Anthea Kraut, a UCR professor of dance, is researching the uncredited labor of stand-in dancers known as “dance-ins” and ways they contributed to the film industry’s upholding of white supremacy during the Golden Age of musicals in Hollywood.

In December 2022, she received a $60,000 grant from the National Endowment for the Humanities, or NEH, to support this research. Also last year, she earned a competitive fellowship from the John Simon Guggenheim Memorial Foundation. 

Anthea Kraut (UCR)

Kraut uses the term “corporeal ecosystem” to describe the ways Hollywood’s studio system relied on hierarchical and often parasitical relationships between stars, choreographers, and dance-ins to construct glorified images of white movie stars while concealing the racialized and gendered labor of those who worked behind the camera and without credit.

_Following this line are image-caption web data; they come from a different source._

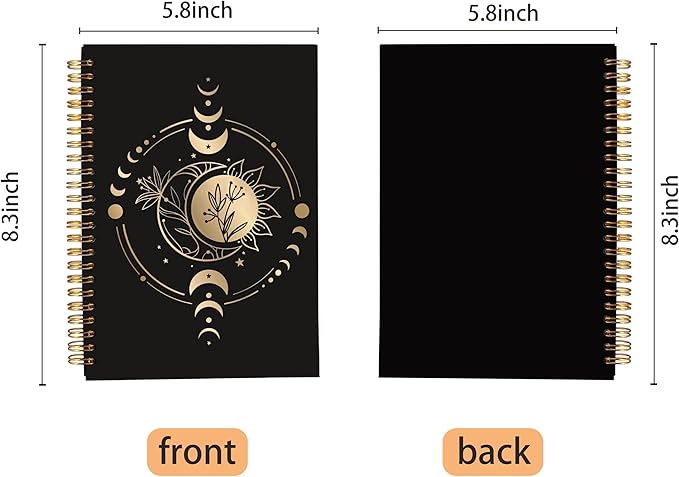 Sun and Moon Notebook, Boho Aesthetic Notebooks, Witchy Journal, Witchy Gifts for Women, Mystical Celestial Spiral Notebook Journal 5.5x8.3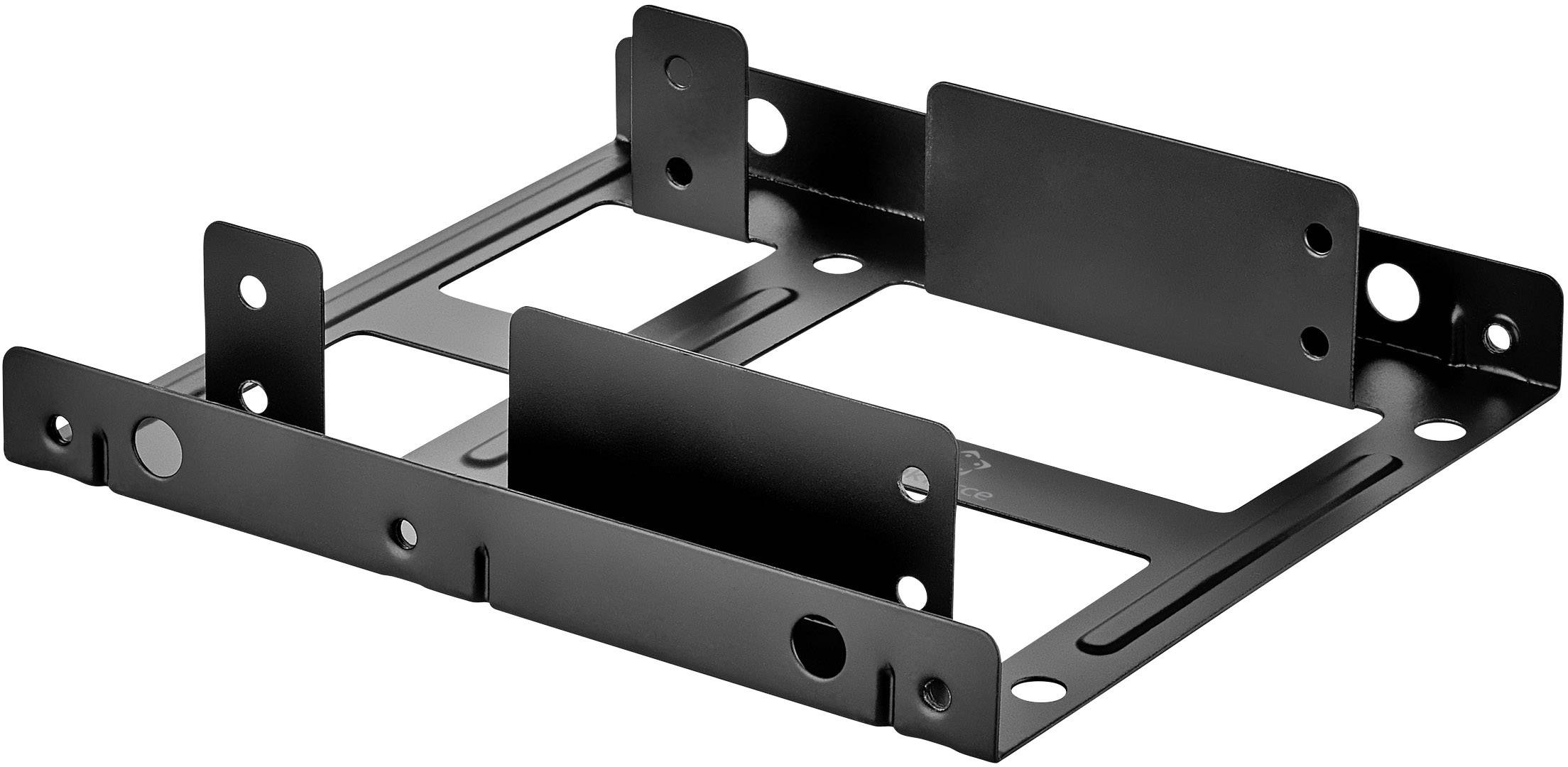 Metal mounting frame for installing two 2.5-inch drives in a 3.5-inch bay, black, with screw holes on the sides.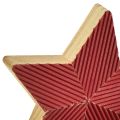 Floristik24 Sterne Holz Weihnachtssterne geriffelt Rot Natur 11cm 3St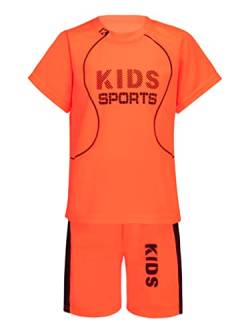 Aiihoo Kinder Jungen Trainingsanzug Sportanzug Set Kurzarm Sportshirt mit Sportshorts Mädchen Jogginganzug Sommer Sportkleidung X Orange 116-122 von Aiihoo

“Hollywood stars in the mid-20th century were overwhelmingly white, but there were many multiracial dancers who were present behind the scenes and who helped shape the bodies of white stars” said Kraut, a critical dance studies professor. The NEH grant will allow her to work on her third book.

Who and what were “dance-ins?”

A dance-in, or a dancing stand-in, is comparable to an actor’s stand-in, but instead of standing on a mark, a dance-in rehearses the choreography for an actor during dance numbers while lights are being set and cameras being focused. In most cases, dance-ins were far more experienced dancers than the stars featured in the film. Because they are less visible than even a “dance double,” who replaces a star’s body on film, dance-ins are almost completely forgotten participants in the creation of dance on screen.

“In many cases, dance-ins also functioned as assistant choreographers and coaches to stars,” Kraut said. “Dance-ins thus not only rehearsed in place of a star but also helped shape the star’s dancing body. In some cases, in fact, stars were merely copying their dance-ins when they learned the film choreography.”

“My argument is that the image of the star's dancing body that we see on screen actually contains the traces of the unseen figures who preceded and danced in place of the star,” Kraut said. “Accounting for intermediary figures like dance-ins who are neither official choreographers nor on-screen performers should complicate our understanding of how images of bodies are created, how white star bodies come to be perceived as ‘original’ and ‘singular,’ and how dance is reproduced more generally.”

The grant is a great honor, she said, and will allow her to take a year away from her departmental and teaching duties. 

“Time to write is the most glorious gift in the world,” she said.